In SQL, I could just:
WITH
Edges AS (
SELECT
m1.movie as movie1,
m2.movie as movie2
FROM movie_actors as m1
LEFT JOIN movie_actors as m2
ON m1.actor = m2.actor
),
Intersection AS (
SELECT movie1, movie2, COUNT(distinct actor) as num
FROM Edges
GROUP BY 1
),
Counts AS (
SELECT movie, COUNT(distinct actor) as num
FROM Edges
GROUP BY 1
)
SELECT movie1, movie2, (I.num) / (C1.num + C2.num - I.num) as similarity
FROM Intersection I
JOIN Counts C1 ON I.movie1 = C1.movie
JOIN Counts C2 ON I.movie2 = C2.movie
How would you do such chaining with the WITHs in Cypher? I would need to store and reuse intermediate results and I wasn't sure how to do that
Solved! Go to Solution.
12-22-2021 03:28 PM
I did not have time to test the following pattern, could something like this work to calculate the union?
MATCH (m2:Movie)<-[:ACTED_IN]-(i:Person)-[:ACTED_IN]->(m1:Movie)
WITH m1, m2
MATCH (u:Person)-[:ACTED_IN]->(m:Movie)
WHERE ID(m) = ID(m1) OR ID(m) = ID(m2)
12-21-2021 02:15 AM
What about something like this:
MATCH (i)
WHERE i:Actor AND i:Director
WITH count(i) AS Intersection
MATCH (u)
WHERE u:Actor OR u:Director
WITH Intersection, count(u) AS Union
RETURN Intersection, Union, toFloat(Intersection) / Union AS `Jaccard index`
It doesn't look like very complex though.
Intermediate results are stored using the WITH-statement.
12-21-2021 11:41 PM
This is not quite what I had in mind -- For each pair of movies (m1, m2) I want to compute the Jaccard Similarity of their actors (sorry I should've clarified this earlier). For example, Matrix 1 and Matrix 2 might share 80% of the actors (intersection over union of the actors).
I know how I could compute the intersection:
MATCH (m2:Movie)<-[:ACTED_IN]-(i:Person)-[:ACTED_IN]->(m1:Movie)

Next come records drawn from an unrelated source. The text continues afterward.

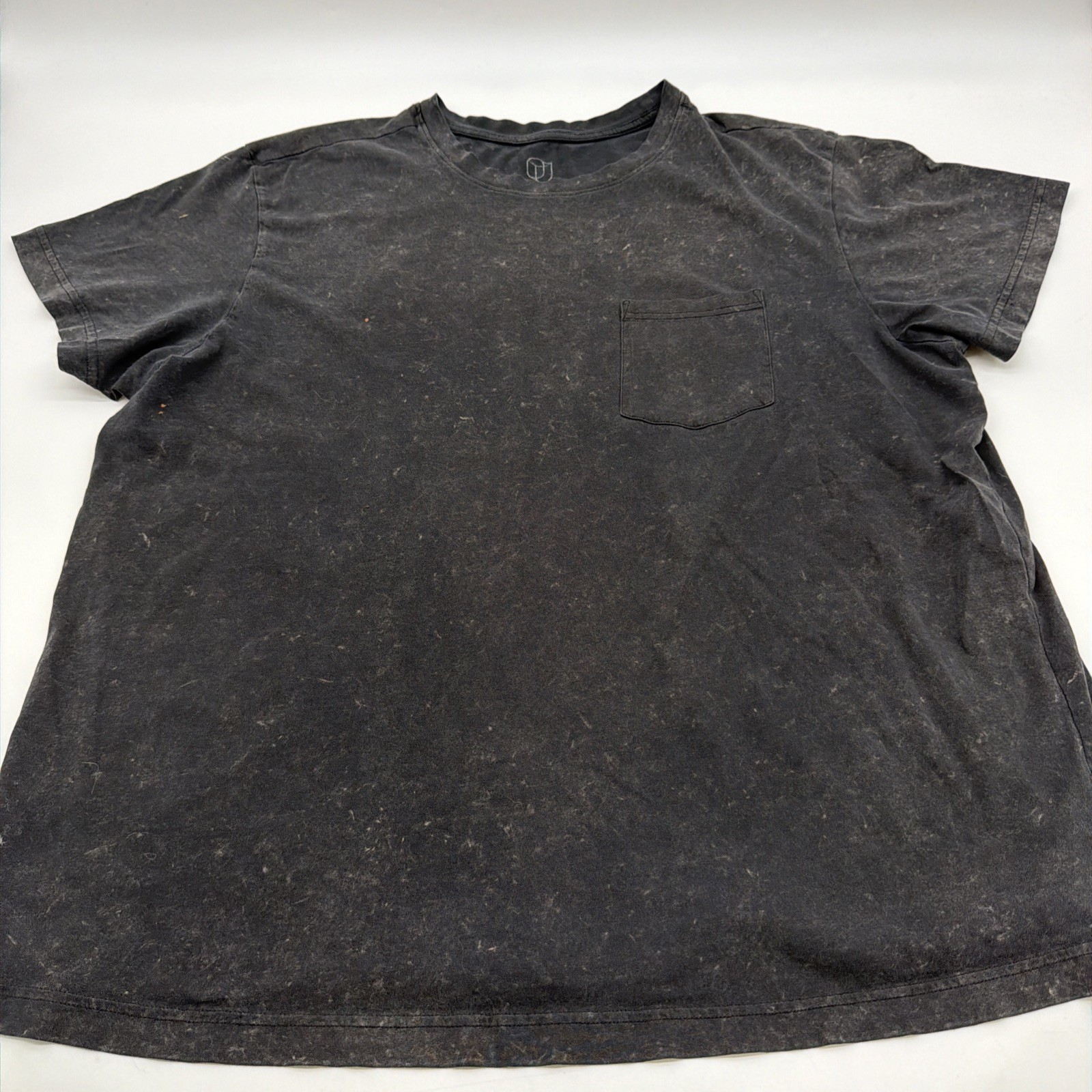 Original Use T-shirt Men 2XL Darck Gray 100% Cotton.#48545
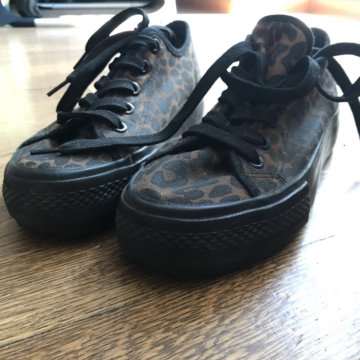 Кеды на платформе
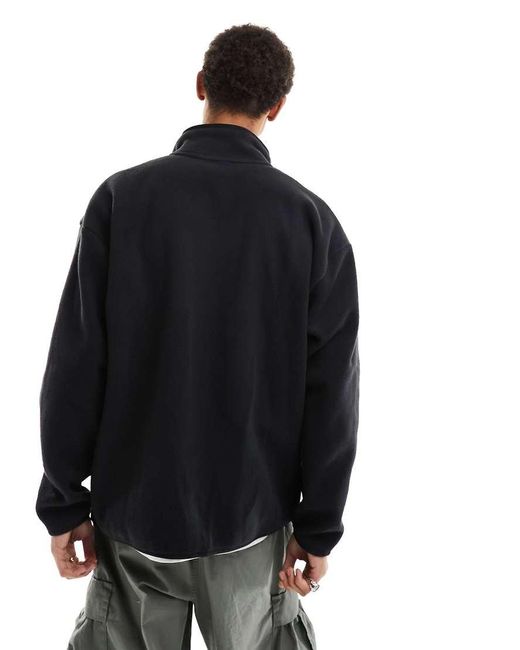 Nike Black Club Fleece Zip Thru Jacket for men
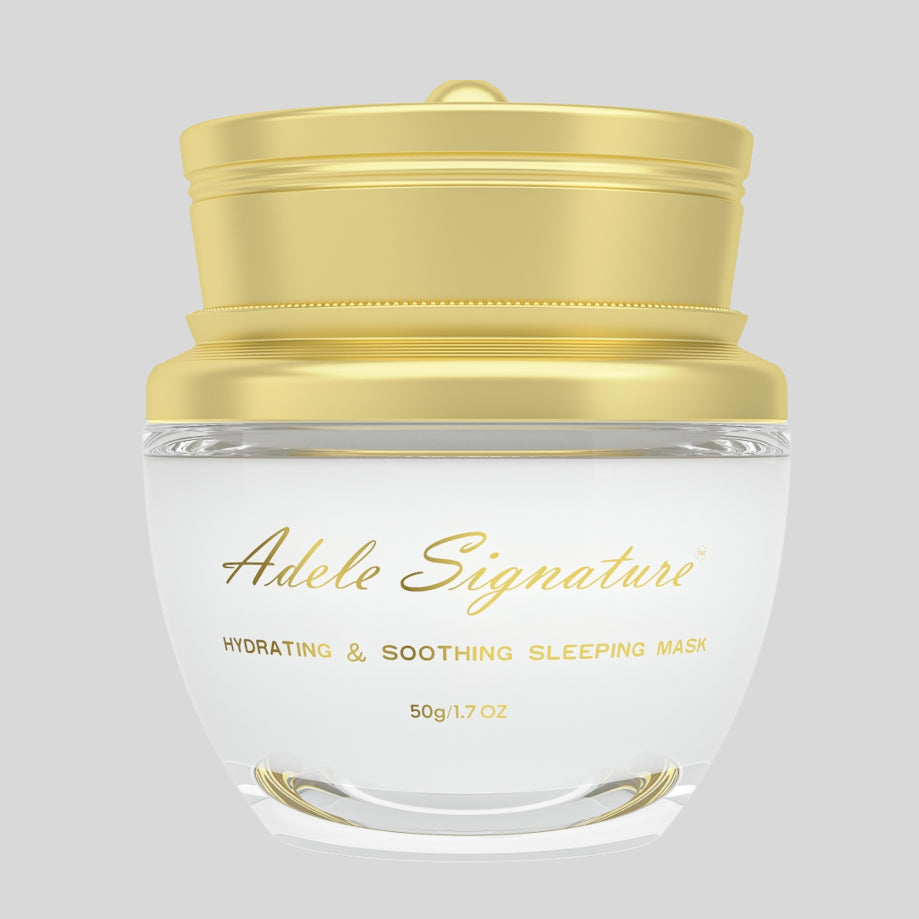 Hydrating and Soothing Sleeping Mask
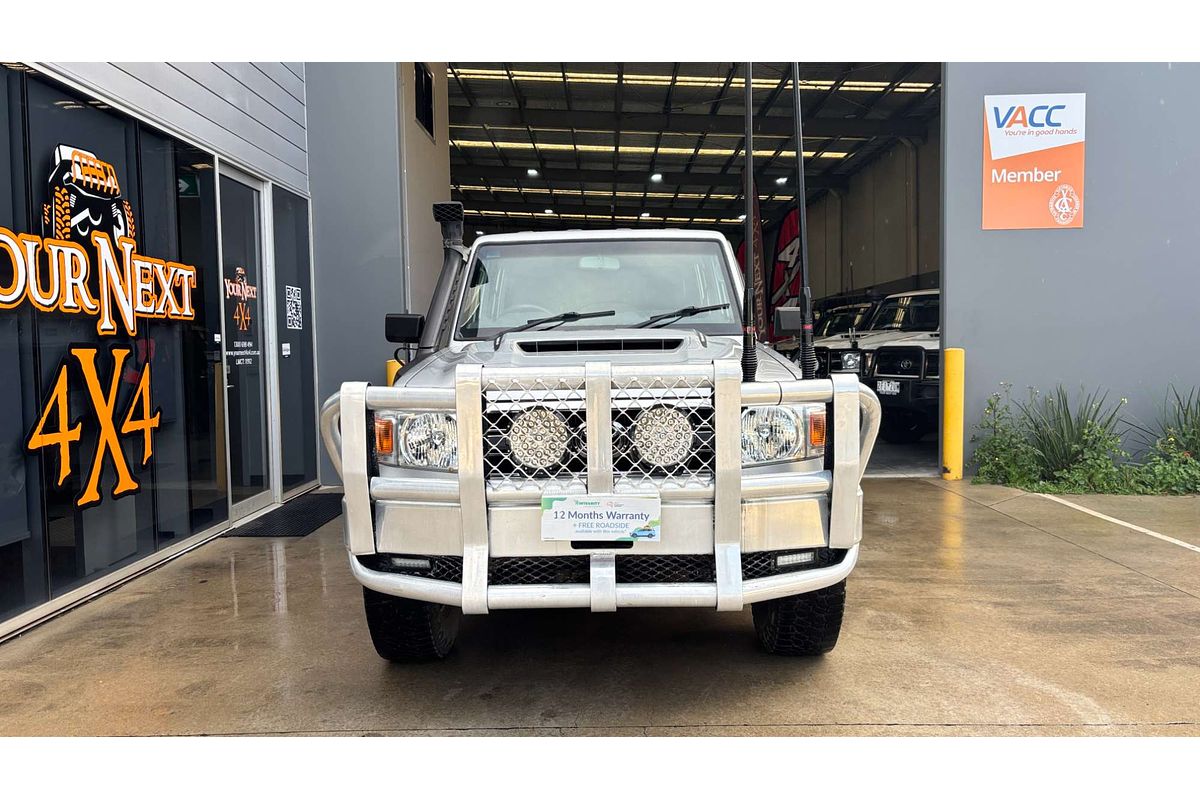 2017 Toyota Landcruiser GXL VDJ79R 4X4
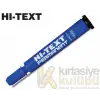 Hi-Text Marker Kesik Uç Mavi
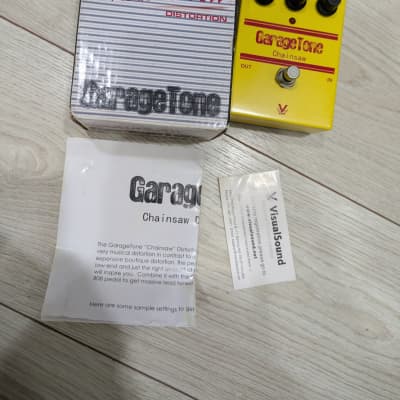 Visual Sound GarageTone Chainsawディストーション Chainsaw Distortion - Truetone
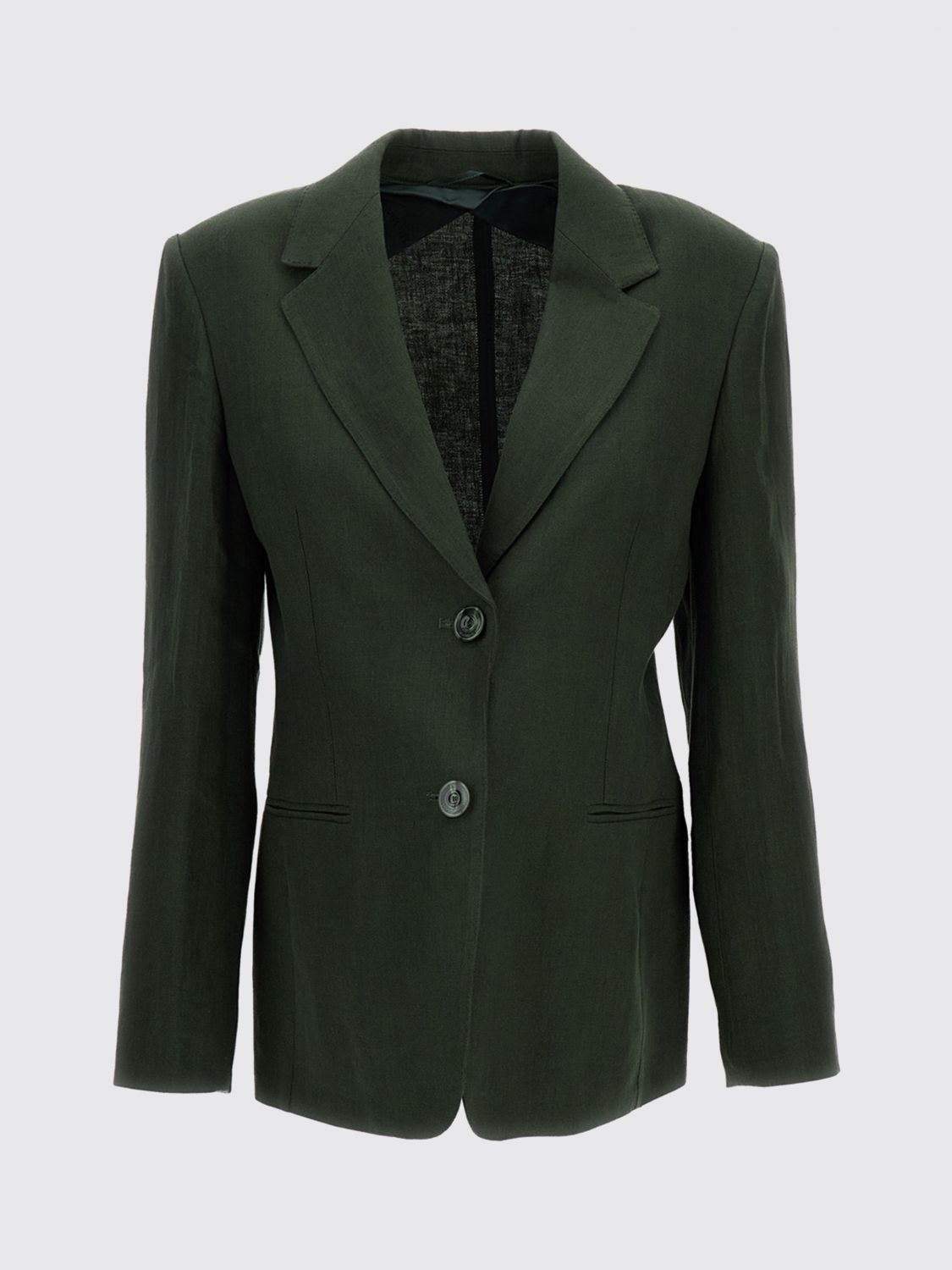 Jacket Woman color Green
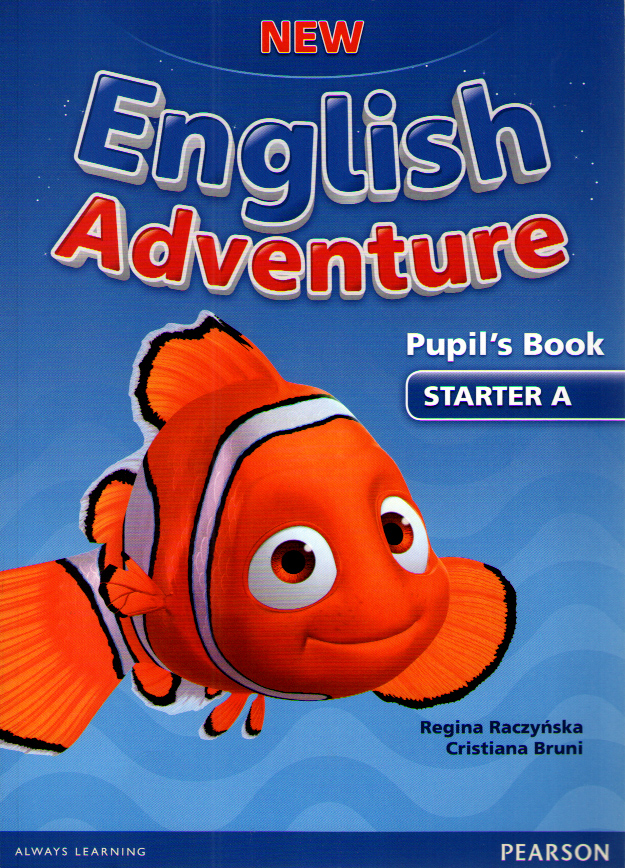 New English Adventure Starter A Pupil’s Book and DVD Pack купить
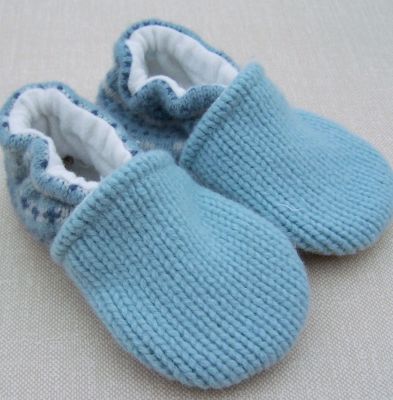 Sky/Sky Fair Isle, sz 12-18m Sky/Sky Fair Isle, sz 12-18m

RETURN m1, m2, count(distinct i) AS Intersection
And this seems to work more or less.
Doing a UNION of the actors between all pairs of movies is where I am having difficulties.
12-22-2021 03:28 PM
I did not have time to test the following pattern, could something like this work to calculate the union?
MATCH (m2:Movie)<-[:ACTED_IN]-(i:Person)-[:ACTED_IN]->(m1:Movie)
WITH m1, m2
MATCH (u:Person)-[:ACTED_IN]->(m:Movie)
WHERE ID(m) = ID(m1) OR ID(m) = ID(m2)
12-23-2021 10:53 PM
This worked! Thank you 🙂
12-21-2021 11:46 PM
I tried something like this:
MATCH (m2:Movie)<-[:ACTED_IN]-(i:Person)-[:ACTED_IN]->(m1:Movie)
WHERE id(m1) = 9 AND id(m2) = 10
WITH m1, m2, count(distinct i) AS Intersection
MATCH (m3:Movie)<-[:ACTED_IN]-(i:Person)
WITH m3, COUNT(distinct i) as count_actors
WHERE m1 = m3 OR m2 = m3
RETURN m1, m2, Intersection / SUM(count_actors)
But I get this error:
In a WITH/RETURN with DISTINCT or an aggregation, it is not possible to access variables declared before the WITH/RETURN: m1 (line 6, column 7 (offset: 235))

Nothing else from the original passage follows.